Gentle readers, it's that time once again, wherein I tell you everything I think I know about a film based on a glance at the trailer. And then you trust me completely, as you are wont to do. Because you're gullible like that.
Alvin and the Chipmunks is a heartwrenching story of three small rodents taken from their natural habitat and rendered in less-than-convincing computer animation. Alvin, Simon, and Theodore desperately want to spread a message of environmental awareness and the dangers of global warming, but instead are enslaved by the cruel and heartless David Seville. Hopped up on goofballs and chained to a microphone, their screams of anguish are digitally altered into classics such as "Christmas Don't Be Late" and "The Witch Doctor."
Seville, whose hobbies include deep-fat frying underperforming chipmunks as bite-size nuggets, is played by Jason Lee. Lee was booted from the remake of Fletch because studio execs didn't think he had the persona to carry a film on his own as lead. When people compare your charisma to Chevy Chase and decide unfavorably on your behalf, this is a message. That message is, it's time to talk to your agent about that dancing rodent flick.
Big questions are presented in this movie, many left up in the air. Will Dave get rabies? Will the chipmunks take home the Grammy? Will their droppings lead the health department to condemn Dave's home, or will the Chipmunk saga ultimately end in a small cardboard box buried beneath some cigarette butts and a whiskey bottle in the backyard? You'd think the writers would care enough about their characters to supply us with this vital information, and not leave us without closure. We, as an audience, demand to see the horrible, grisly fate that awaits this trio.
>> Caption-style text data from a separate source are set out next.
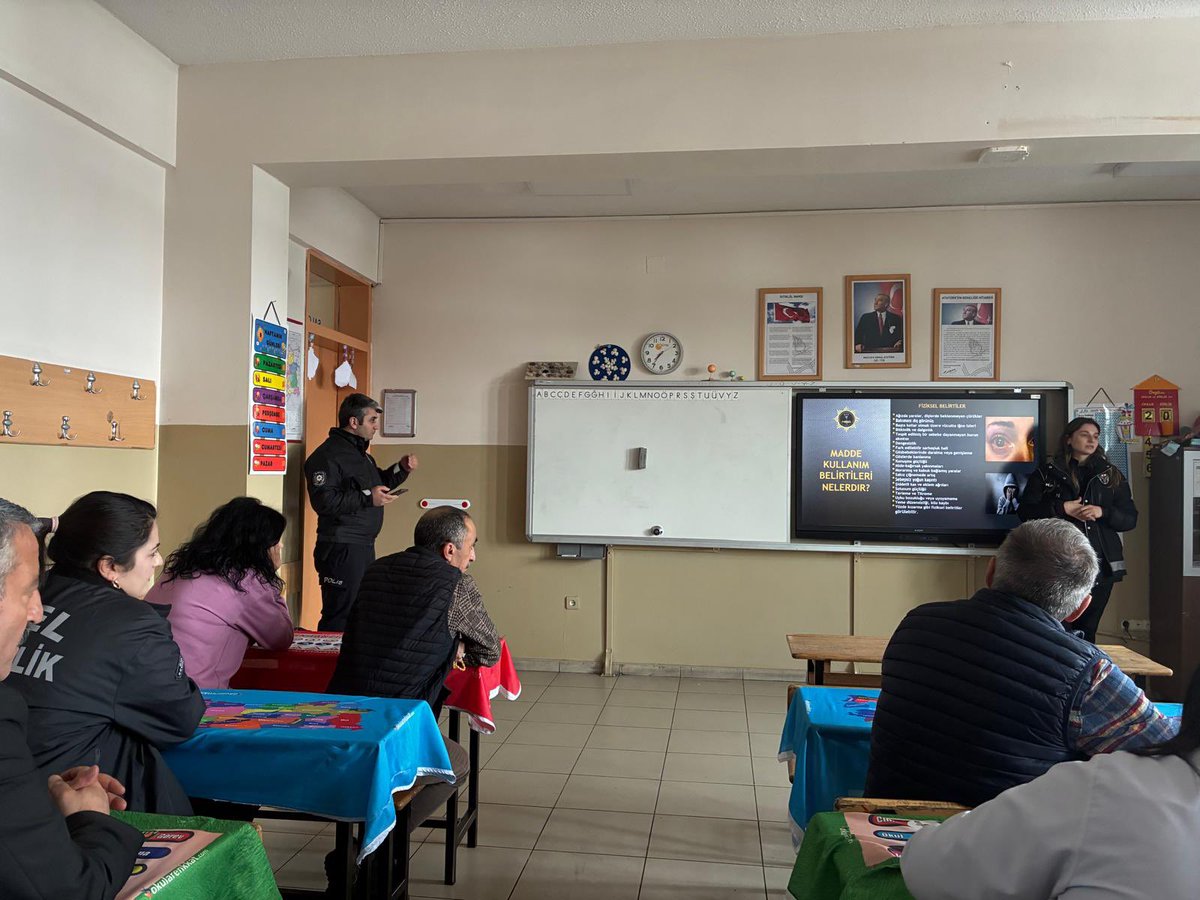 İl Emniyet Müdürlüğümüz Özel Güvenlik Şube Müdürlüğü, ⁠Narkotik Suçlarla Mücadele Şube Müdürlüğü ve ⁠Asayiş Şube Müdürlüğü personeli tarafından;
Kamu güvenliğini tamamlayıcı mahiyette özel güvenlik görevlisi istihdam eden Milli Eğitim Müdürlüğüne bağlı okullarda;
- Özel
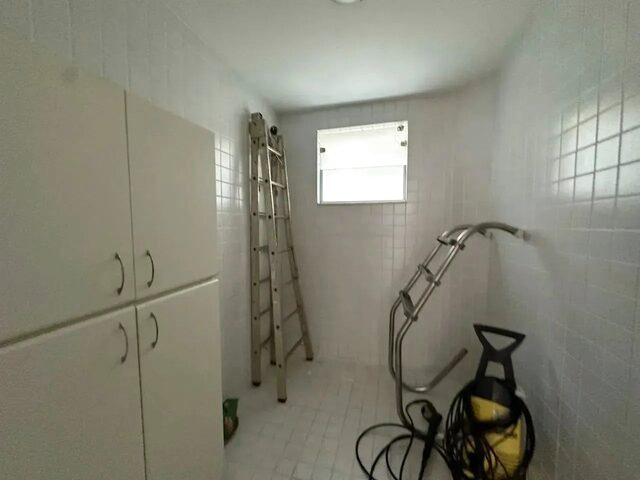 Imagem 10: Imóvel para Aluguel com 420 Metros Quadrados com 4 Quartos em Castelo - Belo Horizonte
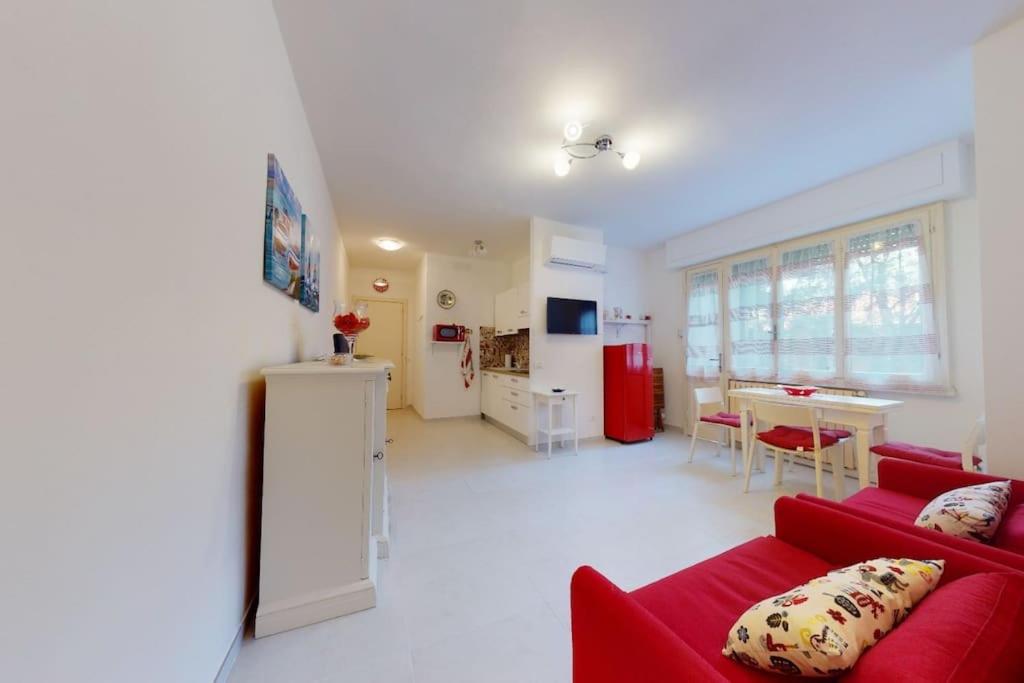 LucevanLeStelle - Full Comfort Quiet Apartment by the Promenade view 5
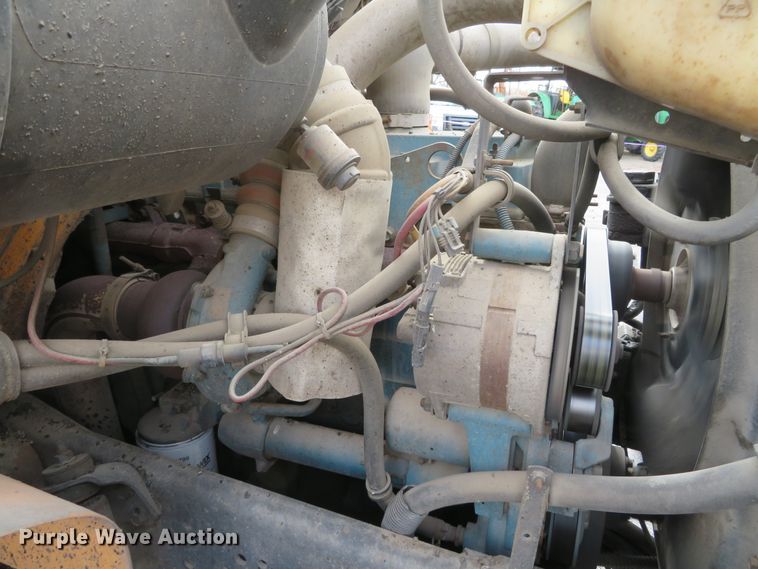 image for item DH0521 1998 International 4900  oil distributor truck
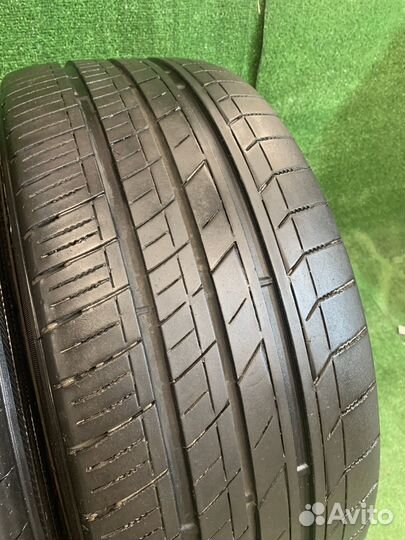 Toyo Tranpath LuII 245/40 R19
Especially if an owl is involved.
Fans of the 80's cartoon maybe disappointed that the Chipettes are nowhere to be seen. These proto-furry heroines were lusted after by many a lad who wished their figures were anatomically correct. Does Hollywood today not care about the money in the pockets (among other things in the pockets) of horny teenage boys who crave anthropomorphic sex idols? Their appearance would have catapulted this movie to blockbuster status. Especially in Japan, where themed panties could have been sold in vending machines.
So. The Chipmunks. A cautionary tale of animal abuse, the cold uncaring world of contemporary top-40 radio, and the career of Jason Lee. On my voodoo-cursed scale of 1 to 88 stars, with 12 or so being the general level of tolerance I can muster for any Jason Lee film, I give this movie three deep-fried chipmunk nuggets, a pair of Chipette panties, and time served. Now let us completely forget this cultural phenomenon for another couple decades at least.